R: Ha avuto il vantaggio di avere dalla Corte di giustizia un chiarimento definitivo sulla portata delle norme comunitarie vigenti in materia di assegnazione delle frequenze, norme che fungono da parametro di legalità delle leggi interne. Perché in questa materia, sia le disposizioni del Trattato CE, sia le direttive sulle comunicazioni elettroniche del 2002 richiedono agli Stati membri non soltanto di porre in essere un meccanismo di attribuzione delle licenze che sia chiaro e trasparente, ma anche e soprattutto di dar effetto all’esito delle gare svolte. Esattamente quello che non è avvenuto in Italia, dove senz’altro la gara si è svolta, ma i suoi risultati non hanno mai trovato un compimento concreto con l’attribuzione delle frequenze a chi la gara l’aveva vinta. La proposizione del rinvio pregiudiziale è servita, sostanzialmente, a dare al Consiglio di Stato una parola definitiva sull’interpretazione delle direttive comunitarie al fine di decidere se la nostra legislazione sia o meno compatibile con le regole del diritto comunitario.
D: Quindi, si potrebbe dire che la sentenza della Corte di giustizia ha il vantaggio di poter resistere meglio delle sentenze della Corte costituzionale?
R: Sì, perché notoriamente una norma interna non compatibile con una regola comunitaria non deve essere accertata come tale da un organo giudiziario, come avviene invece con la violazione della Costituzione, ma spetta al singolo giudice o addirittura all’amministrazione disapplicare le regole interne laddove si accerti la loro incompatibilità con le regole comunitarie.
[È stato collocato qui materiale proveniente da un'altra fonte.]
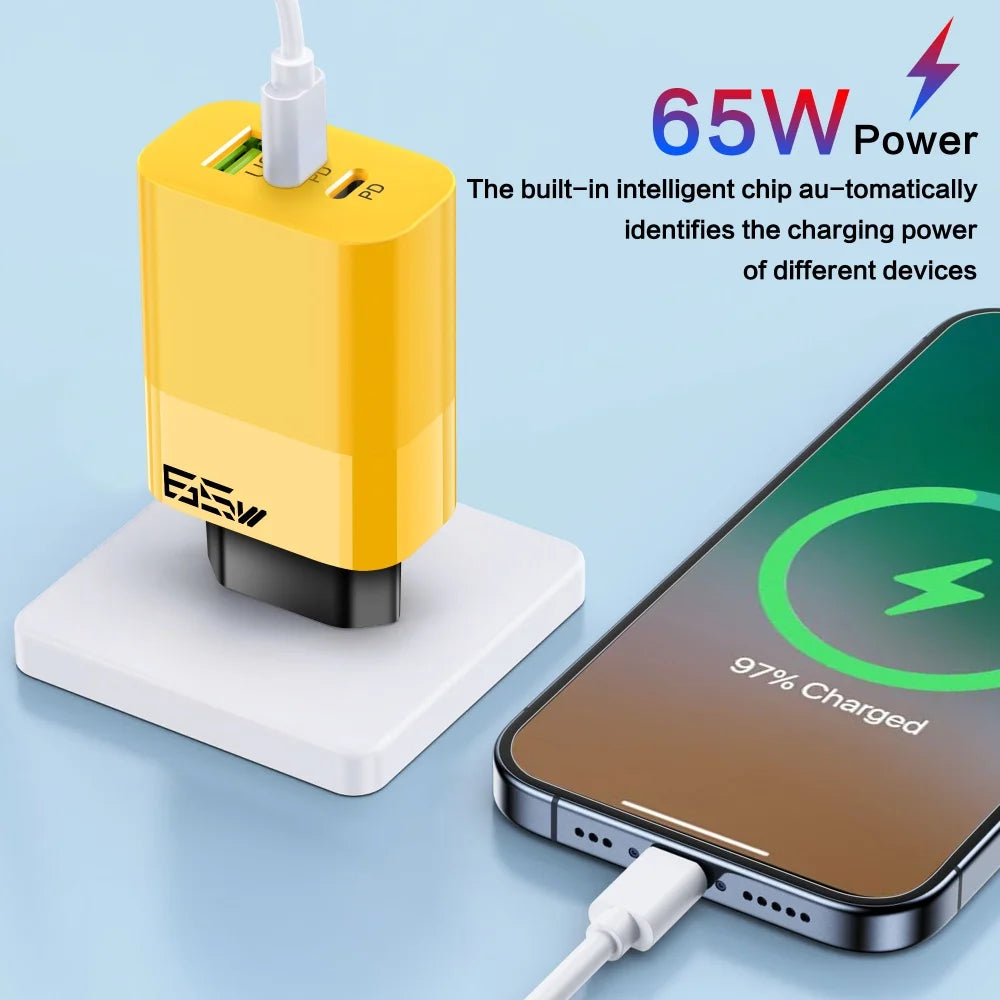 65W PD Fast Charger 3-Port USB-A Dual USB-C Wall Adapter Peaceful Pleasures Health and Wellness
È ovvio che l’amministrazione lo può e lo deve fare anche in assenza di un intervento della Corte di giustizia comunitaria, ma ovviamente se la Corte di giustizia chiarisce definitivamente la portata del quadro normativo di riferimento le conseguenze sono obbligate per l’operatore giuridico interno.
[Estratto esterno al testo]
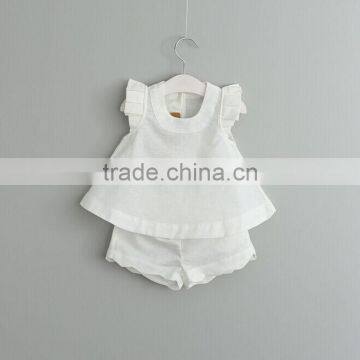 2017 Girls Summer Trendy Cool Suit Designs Pure Colour Boutique Girl Clothing Set photo-5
D: Quali sono i possibili scenari dopo la sentenza della Corte di giustizia?
R: Il Consiglio di Stato, chiamato ad emettere una decisione finale sul caso Europa 7, si è già pronunciato, anche se in maniera non definitiva, sulle conseguenze della sentenza della Corte di giustizia: nelle decisioni assunte nei mesi di giugno e luglio ha rimesso il compito di dare applicazione a queste sentenze al Ministero delle comunicazioni, cui spetta dare finalmente esito alla richiesta di Europa 7 di avere le frequenze analogiche necessarie per svolgere la sua attività. Ha quindi fissato un termine al Ministero per rispondere a questa richiesta, precisando che questa risposta deve avvenire in conformità con la sentenza della Corte, ciò vuol dire che essa deve essere data attribuendo a Europa 7 le frequenze cui ha diritto. Quindi spetta ora al Ministero dare una risposta e il Consiglio di Stato ha già fissato una nuova udienza per il mese di dicembre allo scopo di valutare la correttezza della risposta del Ministero.